How to Load Pickled Pandas Object From a File as a Path?

Pickle is the binary storage format that is used for object serialization. The process of converting python objects into byte streams is called serialization.

Simply put, a byte stream is a sequence of bytes, a more straightforward method to store binary data. Since pickled data is a binary data format, it can be converted into a byte stream.

When the data is converted into a byte stream, it allows the data to be saved on the disk, and these bytes can be transmitted over a network.

Likewise, pickle is also used to deserialize an object from a byte stream.

The read_pickle of the Pandas library is used to read a pickled object.

Check this out to learn more about How to Read Pickle Files in Pandas?

Why Should We Pickle an Object?

You might hear about reading a file or any data using CSV format. But pickle is a less-known and lighter data format for big data analytics.

Pickling an object helps store the data on the disk. When the data is stored on the disk, it will be easy to bring it to the required environment quickly. Storing the data on the disk will also help in deserializing the object.

There is one more advantage of pickling an object. The type() of the object is preserved when it is pickled. This may not be the case using other file formats such as CSV.

Which File Format Should You Choose For Your Next Project, Pickle or CSV?

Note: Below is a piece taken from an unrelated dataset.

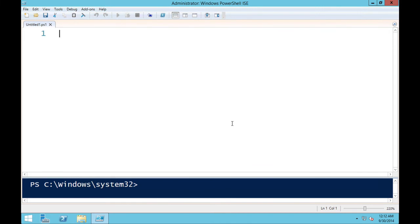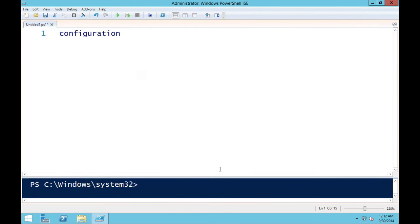With Windows Management Framework 4, we start with the 'configuration' keyword, followed by a name — and this is where we diverge from how a function is declared. Configurations cannot have a hyphenated name; it's just a single string with no separator. So there are no verb-noun configuration names.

While the CSV file format allows you to modify data on-the-fly, it also takes up more disk space.

Let us take a quick go-through between reading data using pickle and CSV.

CSV	Pickle
A CSV data format takes up more space on the disk	A pickle is a lighter data format; it takes up less storage on the disk
It is human-readable	Since a pickle is encoded, it cannot be understood by humans before processing
A CSV format may not be able to preserve the metadata of the object	Preserves the data types of the object
Reading or writing a CSV file is a slower process	Comparatively faster

CSV Vs. Pickle

Pickled Files May Also Be Harmful

Since the module is not secure, we must be cautious while working with pickle files. We may come across malicious pickle data, which is quite dangerous. Therefore we need to be careful with downloading any data from a source.

Exploring read_pickle Syntax

By default, the Pandas library provides for reading and writing pickle data.

The syntax is given below :

pandas.read_pickle(filepath_or_buffer, compression='infer', storage_options=None)

The description of the parameters is given below.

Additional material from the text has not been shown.